La vallée centrale de Californie est l'une des régions agricoles les plus riches du pays, dotée de sols fertiles, de journées ensoleillées et d'un immense système artificiel de canaux d'irrigation et de réservoirs.
Mais à mesure que le changement climatique s’intensifie, que les sécheresses s’aggravent et que les restrictions d’eau entrent en vigueur, les producteurs d’une grande partie de la vallée reçoivent moins d’eau pour leurs champs. Ils sont également confrontés à de nouvelles limites quant à la quantité qu’ils peuvent pomper du sous-sol, les obligeant à laisser des centaines de milliers d’acres à sec dans les années à venir. Certains se tournent vers une solution qu’ils n’auraient jamais pensé adopter : l’énergie solaire.

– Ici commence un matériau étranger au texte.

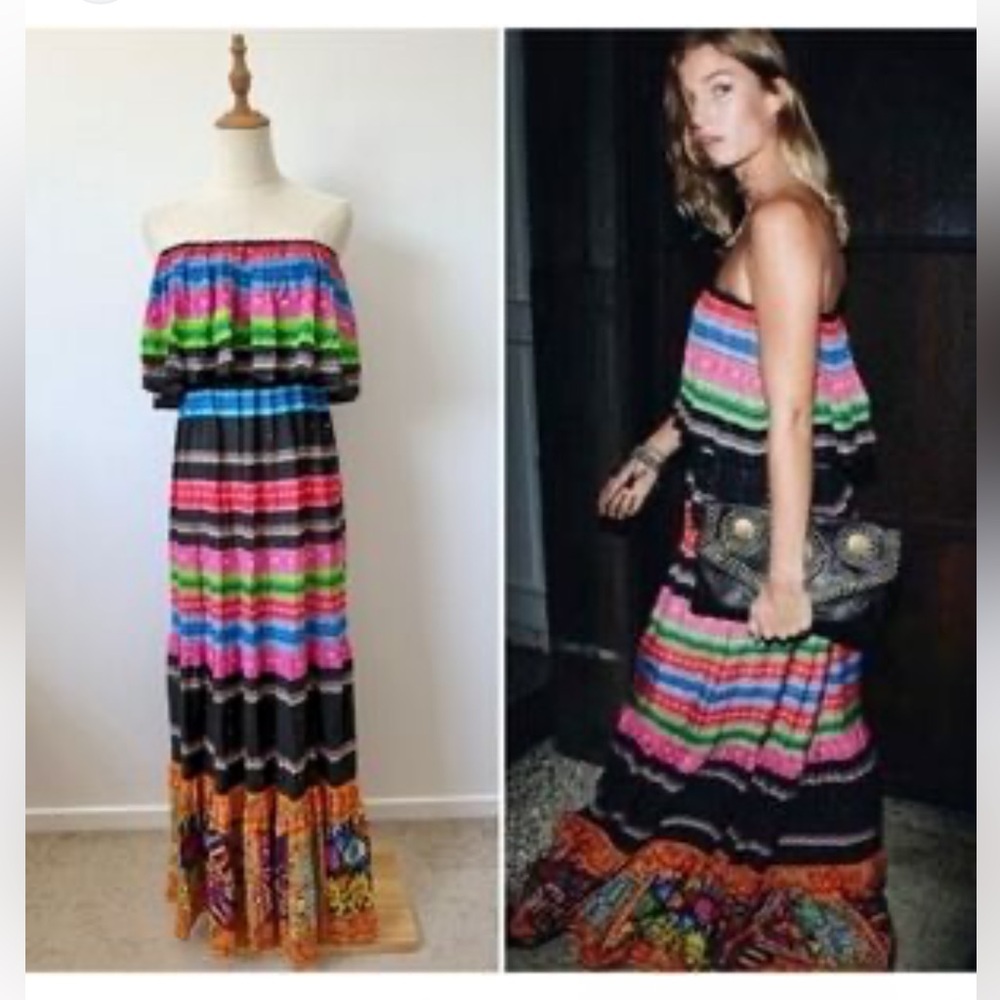 RubyYaya Womens Small Boho Off Shoulder Maxi Dress Striped Patchwork Multi Color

« Nous voulons toujours cultiver, mais prendre le risque d'avoir de l'eau ici était trop risqué », a déclaré Todd Tracy, un agriculteur de cinquième génération, alors qu'il traversait ses bosquets de pistachiers verts à environ une demi-heure à l'ouest de Bakersfield.
En 2021, il a cédé environ un tiers des 8 600 acres de sa famille à un développeur solaire, Avantus. L’entreprise prévoit le plus grand projet d’énergie solaire et de stockage du pays, appelé Buttonbush. Ses panneaux couvriront à terme près de 12 000 acres et seront reliés à une sous-station près de la petite ville de Buttonwillow, avant d'envoyer deux gigawatts d'électricité, suffisamment pour alimenter 1 million de foyers, à travers l'État.
« Nous n'étions pas tous favorables à cela, mais nous devions trouver une utilisation à ce terrain », a déclaré Tracy à propos des discussions entre les membres de sa famille lorsqu'ils ont été approchés pour la première fois par le promoteur.
La ferme cultive du coton, du maïs, du blé, des carottes, des pommes de terre, des pistaches et des amandes. Mais entre les champs plantés s’étendent de larges étendues de terre brune et poussiéreuse, des champs laissés en jachère au fil des années faute d’eau. La maison dans laquelle vivait le père de Tracy avant sa mort en 2024 se trouve dans un groupe d'arbres juste à côté de l'un d'entre eux.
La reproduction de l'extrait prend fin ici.